For those who do not know, the automatic Calibre 106.0 was especially designed for the HAMATIC. It has a 2/3 plate and Glashütte stripes. Beating at 21,600 VPH, it has a power reserve of 72 hours. What is of particular note about it is that it is not powered by a rotor, but a small pendulum in the shape of a gold hammer. The oscillation of the bi-directional hammer winding system is picked up by two click levers and transferred to click wheels, converting the energy generated through the wearer’s movements to the ratchet wheel and the mainspring in the barrel.
The watch can be wound by hand in addition to the self-winding mechanism. The HAMATIC also offers a stop-second function.
Coming on an alligator strap with a pin buckle in rose gold, the new HAMATIC Vintage is limited to eight pieces. It is priced at EUR 41,800 (excluding taxes)/ AUD 71,000 (AUD $64,545.45 ex GST) and can be purchased directly from them or if you are in Australia, through Define Watches.
Next up is the TOURBILLON in 750/000 rose gold with a black dial whose rhombus hands are also in solid gold. Its case is 44.5mm (thickness of 13.8mm). The functions on the blackened solid silver dial are shown via off-centre displays for the hours and seconds.
In looking at the sub dials and tourbillon, you will notice something – the gap between 25 and 35 minutes where the tourbillon is situated. Moritz Grossmann’s TOURBILLON ensures that you know the exact time by mirroring it in a truncated scale that bridges the two displays, and it is read via an extension of the central minute hand. A balanced and elegant looking way of doing this.
Powering all of this is the manually wound Calibre 103.0 with a 2/3 plate in untreated German silver which beats at 18,00 VPH and has a power reserve of 72 hours. The three-minute flying tourbillon’s cage is suspended from a cantilevered, hand-engraved German-silver cock. The upper part of the cage is a V-shaped balance bridge. Its hairspring is located beneath the Grossmann balance wheel.

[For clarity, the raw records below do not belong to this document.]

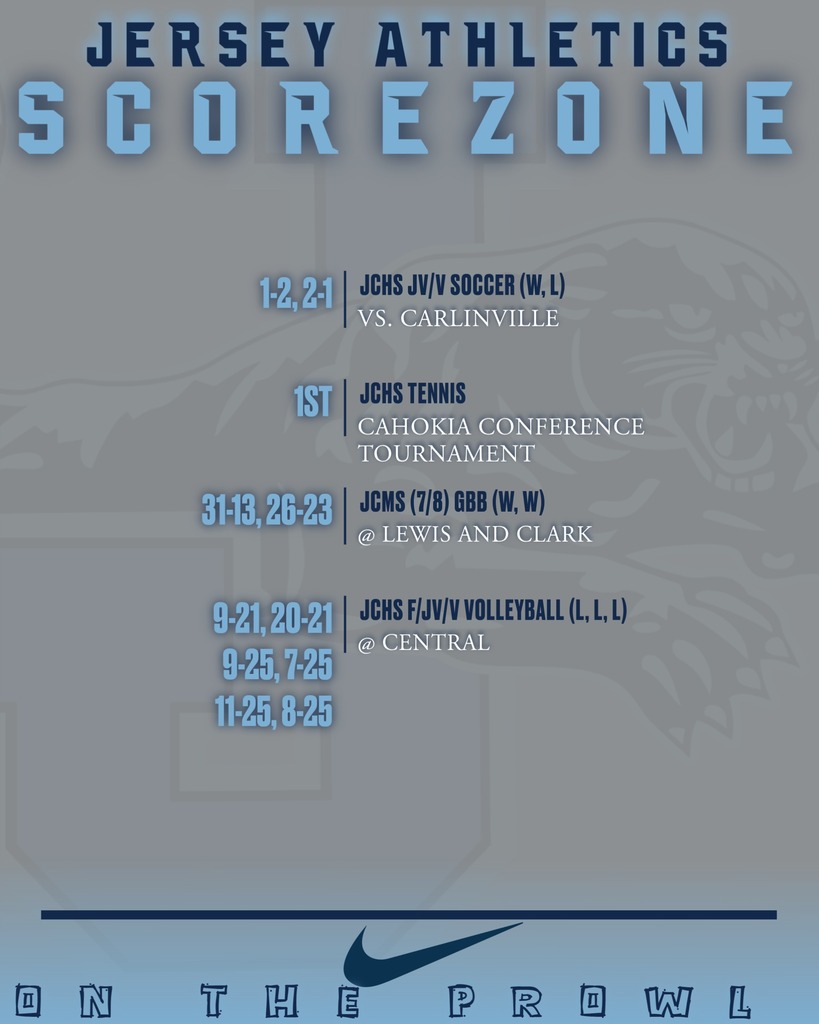 scorezone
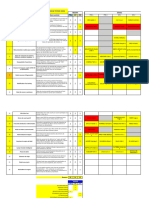 Répartion Des Projets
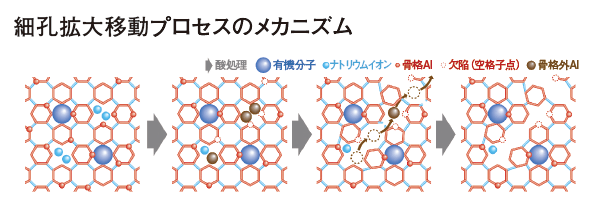 細孔拡大移動プロセスのメカニズム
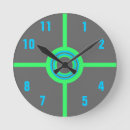 Recherche de cercles concentriques horloges Temps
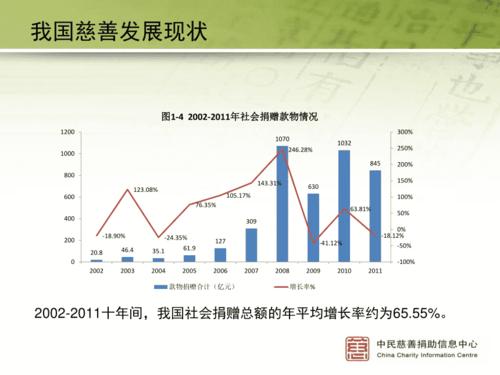 美孕公益基金（美国公益）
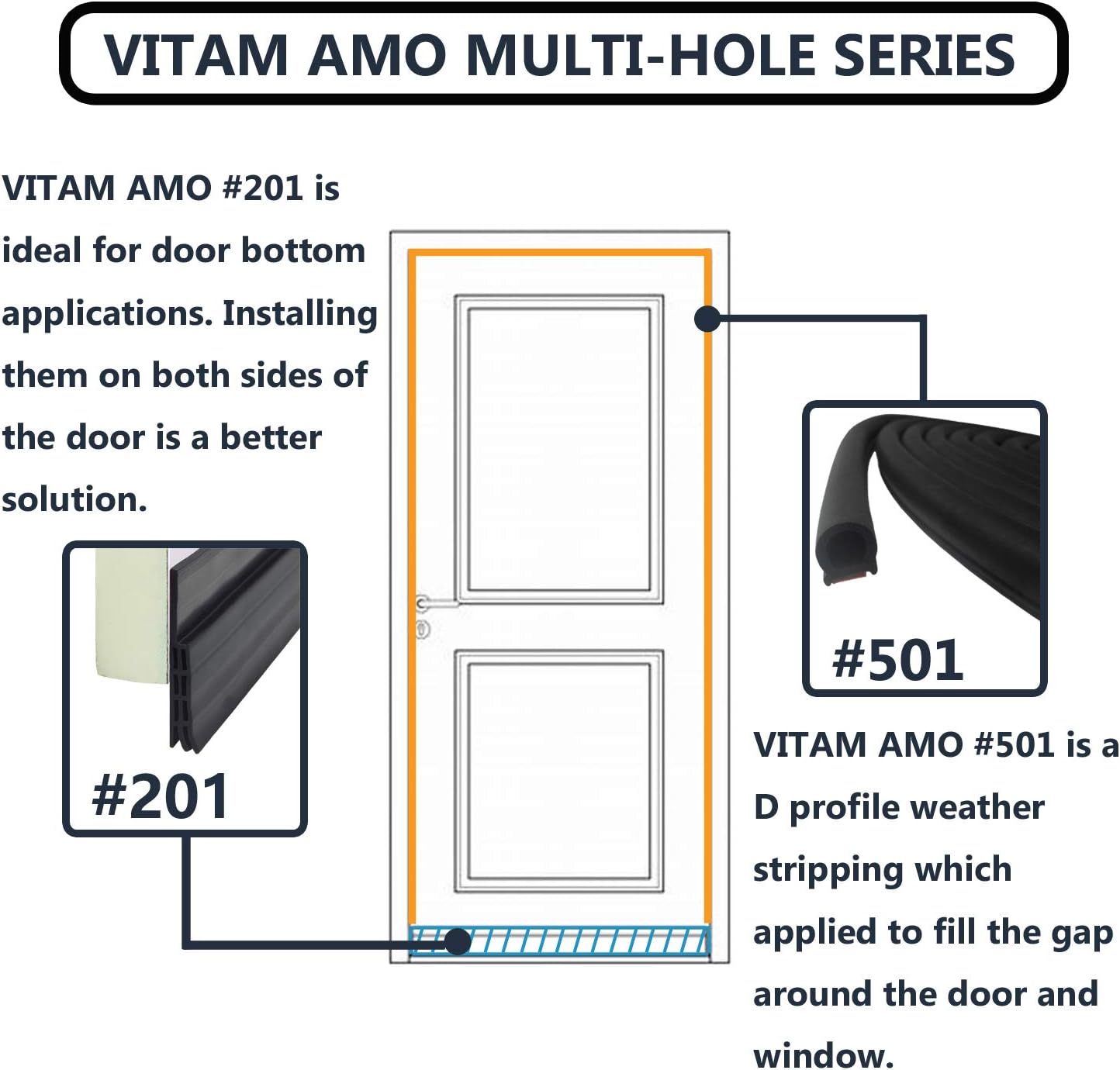 VITAM AMO Weather Stripping Seal Strip for Doors/Windows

The cage has two triangular posts, and a quirk which some of you may know is that the tourbillon’s patent-pending stop-seconds mechanism uses human hair.
Also limited to eight pieces, and coming on a black alligator strap with a rose gold butterfly clasp, it is priced at EUR 176,000 (including taxes)/ AUD $251,000 (AUD $228,181.82 ex GST) and also available directly from Moritz Grossmann or if in Australia, from Define Watches.